Hace unos años un amigo me llamó un fin de semana y me dijo, “Venite a casa, seguro se arma milonga”. Al llegar me encontré nada más ni nada menos que con Nicolás Ledesma, el último pianista de Leopoldo Federico. Como la timidez me gana cuando ya la emoción de mí se adueña, no dije nada y casi no crucé palabras con él; asaltarlo a preguntas sobre su paso por la orquesta que acompañó a Federico hubiera sido ciertamente desagradable; es más, nadie le pidió recuerdos o anécdotas ya que la muerte del maestro era reciente. Sentado al piano, Ledesma tocó con los hijos de mi amigo y se sorprendió ante el pequeño bandoneonista que tras sus pecas ya despuntaba el vicio de la ejecución con carácter. En dos o tres momentos vi a Nicolás indicar pausas y arremetidas para que éste se luzca; y recordé de inmediato lo que Federico hiciera con él al indicarle que, en determinado compás, la orquesta entera iba con él. Ahí, en ese gesto, me vi de nuevo dándole vueltas a algo que jamás concluye: la emoción de cierta intimidad que me anula y me desborda. De ambos músicos tengo entonces la complicidad, el entendimiento mutuo más aún teniendo en cuenta los arreglos escritos por Federico que solo el piano de Ledesma magnifican de modo conducente; quien preste atención a las grabaciones en vivo que circulan, comprenderá que este último se transformó con el tiempo en el apoyo expresivo del sonido buscado hasta en las piezas más simples y complejas. Cuando recuerdo todas esas contraseñas dispersas y perdidas en el tiempo, olvidadas y atentas a mi distracción y mi hallazgo, siempre me digo lo mismo: la generosidad, a través de determinadas personas, se hace escuela, estilo: Leopoldo, mi Abuelo, mi Abuelo, Leopoldo, aun en sus diferencias.

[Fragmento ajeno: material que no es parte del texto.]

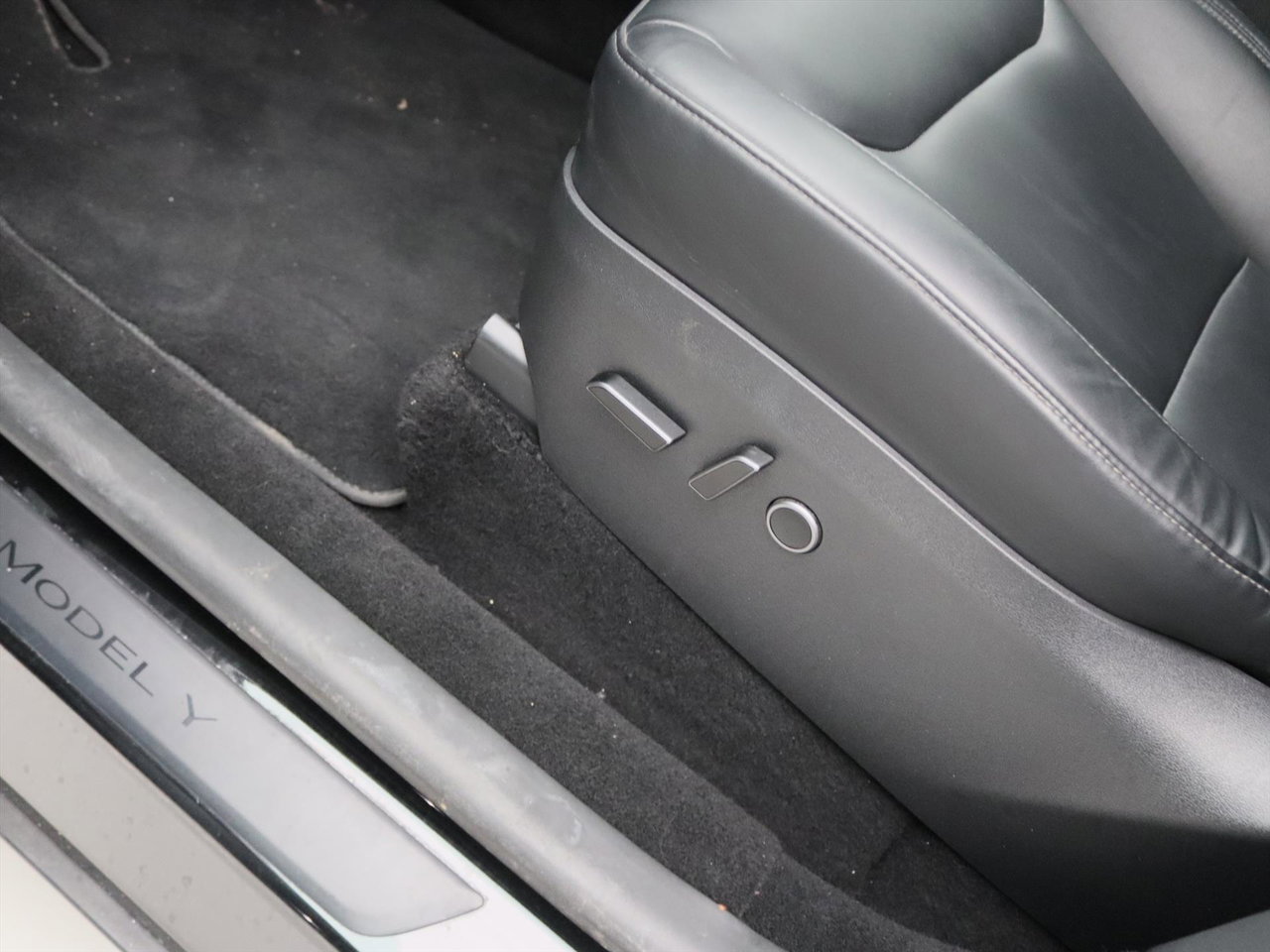 Tesla Model Y Standard RWD Plus 351pk 93.9% SoH [ LFP ACCU+AUTOPILOT+19 INCH+PREMIUM AUDIO ] 24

Me gusta así pensar que la última imagen que tengo de Federico es la de una ejecución excelente del clásico de Jesús Fernández Blanco y Luis Bernstein, El abrojito, en la que lo acompañan el mismo Ledesma y Horacio Cabarcos en el contrabajo. En ella intuyo que ante nosotros pasa toda su experiencia como músico; desde los arranques explosivos, o la sutil conducción, hasta la cadencia íntima, la respiración y el balanceo que logra hacer de los momentos graves precisos aciertos de emoción; por supuesto, todo eso vuelve intacto a través de la fuerza expresiva que Piazzolla le recomendara no abandonar jamás cuando le decía “gordo, vos tocas de adentro para afuera y sin miedo a equivocarte, sos el único que tiene esta música”. Creo por eso que toda audición acaso sea el mismo rapto de mi niñez que una y otra vez vuelve; en ese rapto me recuerdo también balanceándome levemente y cerrando los ojos, pero para llevar la atención de afuera hacia adentro, acaso el único movimiento y lugar donde todo puede entenderse: ¿quiénes somos?, ¿qué nos falta? Pero esto lo supe mucho tiempo después y hace poco, cuando al ver y escuchar esa versión, mi hijo Alessio se quedara inmóvil frente a la pantalla del televisor, agitando sus manitos de afuera hacia adentro siguiendo el fraseo del bandoneón, y también, moviéndolas de arriba hacia abajo como si tocara un piano invisible junto a Ledesma. “Ay hijito, ¿qué tiene para todos nosotros este tango?”, pensé en silencio y comprobé una vez más que, no hay vez que al escucharlo, no deba contenerme para no romper en llanto. Me gusta pensar entonces que la primera imagen de mis abuelos falte para siempre, como falta aunque esté ahí, en cualquiera de esas notas, la audición final de mi abuelo; y como de seguro, a mi hijo, le faltará alguna distracción de su padre; sin embargo, me gusta también fabula que al cerrar los ojos y dejarme llevar como la primera vez que escuché a Leopoldo Federico, logro reconstruir todo lo que nos falta; por caso en carnaval mis abuelos, en un club de barrio, bailan El abrojito en versión de Pugliese y Morán; y en el futuro, cuando mi vida se pierda en las faltas que he podido dejar, por caso aun siga escuchando lo que falta de los otros; y, por supuesto, agradeciendo a Federico, el grande, Leopoldo, el emperador del tango, que se haya adueñado de todo nuestro pobre y hermoso pasado.